Far too many people quit their jobs in frustration, only to find similar (or worse) conditions in their next positions. If you find yourself having thoughts of quitting your job, you’ll make a far better decision for yourself if you analyze your situation calmly and rationally.
1. Never quit in a moment of emotion.
Most people have several moments when they feel like quitting their jobs. Most of the time, the feeling passes. If you experience these moments, give yourself a couple of weeks before quitting your job – if the feeling doesn’t lift, then it’s something you can take seriously. However, you shouldn’t make a major decision which you can’t reverse later on in the heat of the moment. Always remember: it’s easy to reverse a decision not to quit, but close to impossible to reverse a resignation once you’ve given it.
2. Think of the benefits of your job that you may not get somewhere else.
Perhaps your employer gives you an enormous amount of flex time that you won’t easily find elsewhere. Maybe you have a fantastically short commute that you really value. Maybe you get to do work that you love in a way that’s hard to find. You need to figure out what’s important to you and weigh that against what’s frustrating you. Maybe quitting your job would be the right decision but make sure that you’ve weighed all the pros and cons before you do. If possible, talk to your boss about your frustrations. You may find that things can change.
3. Be realistic about what will happen after you quit.
If you don’t have another job lined up, how long will your savings last you? In this market, some people are going unemployed for a year or more, so before quitting your job without another job offer, you need to have a long-term plan.
4. Never quit just to “show them.”
Often a desire to quit in frustration really stems from feeling powerless. The employer-employee relationship has such a slanted power dynamic that when your job or manager is making you unhappy, sometimes it can feel like your only way to regain power is to quit and then, that’ll show them. But this is rarely satisfying. Your employer may be surprised at first, but people leave jobs all the time-they’ll quickly get over it. And you don’t want to be jobless just to make a point. If you do end up deciding on quitting your job, you’ll feel a lot better knowing that you thought it through carefully and deliberately before you took the plunge.
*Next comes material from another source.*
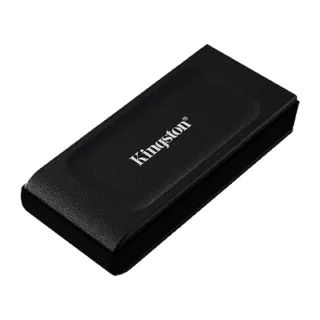 【Kingston 金士頓】XS1000 1TB USB 3.2 Gen 2移動固態硬碟-黑(SXS1000/1000G)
3 out of every 10 people are now self-employed, which means that a significant number of people have seen the benefits of quitting their job and working for themselves. However, becoming self-employed is not a decision you should make lightly. Despite all of the positives of quitting your job and working for yourself, you need to have a plan. Here are four things you must have in place before quitting your job:
- An Emergency Fund:
As anyone who is self-employed will tell you, the hardest part is not knowing how much money you’re going to make each month. The income is variable, no matter how steady your list of clients is. To take it a step further, it is wise to have separate business and personal emergency funds – preferably in separate savings accounts. You should have a personal emergency fund to cover issues like car repairs and health issues and a business emergency fund to cover you if you lose a client or when a check is late.
- Your type of work:
Most people who wind up tired of their jobs and seeking to quit are most times tired of the rat race, of the commute, and the ungrateful co-workers who take their ideas or talk over them in meetings. While I can completely understand that many work environments are challenging, this is not a good enough reason to just quit. You need to have a solid backup plan – preferably a thriving side business, so that you can immediately leap into self-employment and make an income.
There has been some pretty strong debate in the past over which type of job is more secure: one where you work for yourself, or one where you work your way up in a company with a steady paycheck. Given the ever changing economic climate, many people have found that working for yourself is the only real way to guarantee yourself a job in the future. However, that doesn’t always mean that your income is guaranteed to come on the same day every month. Many people feel safer knowing they are a valued employee at their job and like knowing how much their check will be every month. If this is you, you might want to rethink quitting your job. as self-employment might not be the best fit.
- Your Retirement:
One of the best perks of working for a company is the good retirement package they provide. Sure, not every work place offers something like this, but if yours does, quitting your job could be difficult. Especially when you think of walking away from such a lucrative benefit that gives you free money. A retirement match could be a strong reason to stay, but everyone I know who is self-employed has been able to generate more income than they did at their day job, which means you can invest even more than you did before.
Ultimately, quitting your job is a huge decision – one of the biggest you will ever make. So, even if you are fed up with your work, bored, or just craving the opportunity to make a bigger difference, know that it’s definitely possible to quit and work for yourself, but you absolutely need a plan. Take the time to do it right by saving an emergency fund and researching your insurance and retirement options and you’ll go into the decision much more knowledgeable and ready for your new future. What would need to be on your list before you consider quitting your job? What’s the biggest benefit to being self-employed, in your opinion? What would be the hardest thing for you to give up about your current job?